Key Takeaways
- Expanding capacity and efficient operations are expected to drive revenue growth and enhance earnings potential.
- Strategic contracting and workforce investments aim to improve net margins and decrease labor costs.
- Regulatory risk, rising medical claim costs, and occupancy issues threaten revenue and margins, with potential execution risks from joint ventures complicating projections.
Catalysts
About Encompass Health- Provides post-acute healthcare services in the United States and Puerto Rico.
- Encompass Health's commitment to expanding capacity through the addition of new beds and de novo projects is expected to meet the growing demand for inpatient rehabilitation services, which should drive revenue growth.
- The health company's ability to sustain strong discharge rates and high occupancy levels indicates efficient operations, enhancing earnings potential as operational leverage improves.
- Encompass Health's focus on contracting strategies, particularly securing episodic payment models tied to fee-for-service reimbursement rates, is expected to enhance net revenue per discharge, positively impacting net margins.
- The anticipated CMS market basket update, resulting in a 2.7% increase for Medicare patients, should support future revenue growth, particularly when combined with a favorable payer mix shift.
- Continued investments in workforce development and reduced turnover are expected to decrease reliance on premium labor and contract labor costs, thereby improving net margins and overall earnings.
Encompass Health Future Earnings and Revenue Growth
Assumptions
How have these above catalysts been quantified?- Analysts are assuming Encompass Health's revenue will grow by 8.1% annually over the next 3 years.
- Analysts assume that profit margins will shrink from 9.0% today to 8.6% in 3 years time.
- Analysts expect earnings to reach $598.0 million (and earnings per share of $5.28) by about April 2028, up from $493.9 million today.
- In order for the above numbers to justify the analysts price target, the company would need to trade at a PE ratio of 25.9x on those 2028 earnings, up from 23.7x today. This future PE is greater than the current PE for the US Healthcare industry at 23.6x.

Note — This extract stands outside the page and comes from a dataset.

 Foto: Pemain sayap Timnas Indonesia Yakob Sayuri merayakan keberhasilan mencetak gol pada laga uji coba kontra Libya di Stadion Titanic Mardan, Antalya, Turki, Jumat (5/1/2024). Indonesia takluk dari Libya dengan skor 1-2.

- Analysts expect the number of shares outstanding to decline by 0.18% per year for the next 3 years.
- To value all of this in today's terms, we will use a discount rate of 6.21%, as per the Simply Wall St company report.
Encompass Health Future Earnings Per Share Growth
Risks
What could happen that would invalidate this narrative?- The company faces risks from regulatory developments which could materially impact its revenue if new rules are unfavorable, particularly in the areas like Medicare reimbursements.
- Rising group medical claims severity and frequency have increased benefits expense per FTE by 14%, potentially eroding net margins if this trend continues.
- High occupancy rates strain available capacity, necessitating costly expansions. If demand fluctuations occur, this could lead to inefficient use of resources and affect earnings.
- Uncertainty surrounding the payer mix, with shifts like the unexpected rise in Medicare fee-for-service discharges, can impact revenue projections if these trends reverse.
- The reliance on joint ventures and partnership expansions involves execution risks, which, if not managed effectively, could lead to underperformance in planned revenue and profitability targets.
Valuation
How have all the factors above been brought together to estimate a fair value?- The analysts have a consensus price target of $129.182 for Encompass Health based on their expectations of its future earnings growth, profit margins and other risk factors.
- In order for you to agree with the analyst's consensus, you'd need to believe that by 2028, revenues will be $7.0 billion, earnings will come to $598.0 million, and it would be trading on a PE ratio of 25.9x, assuming you use a discount rate of 6.2%.
- Given the current share price of $115.91, the analyst price target of $129.18 is 10.3% higher.
- We always encourage you to reach your own conclusions though. So sense check these analyst numbers against your own assumptions and expectations based on your understanding of the business and what you believe is probable.
How well do narratives help inform your perspective?
Disclaimer
Warren A.I. is a tool utilizing a Large Language Model (LLM) that ingests data on consensus price targets, forecasted revenue and earnings figures, as well as the transcripts of earnings calls to produce qualitative analysis. The narratives produced by Warren A.I. are general in nature and are based solely on analyst data and publicly-available material published by the respective companies. These scenarios are not indicative of the company's future performance and are exploratory in nature. Simply Wall St has no position in the company(s) mentioned. Simply Wall St may provide the securities issuer or related entities with website advertising services for a fee, on an arm's length basis. These relationships have no impact on the way we conduct our business, the content we host, or how our content is served to users. The price targets and estimates used are consensus data, and do not constitute a recommendation to buy or sell any stock, and they do not take account of your objectives, or your financial situation. Note that Warren A.I.'s analysis may not factor in the latest price-sensitive company announcements or qualitative material.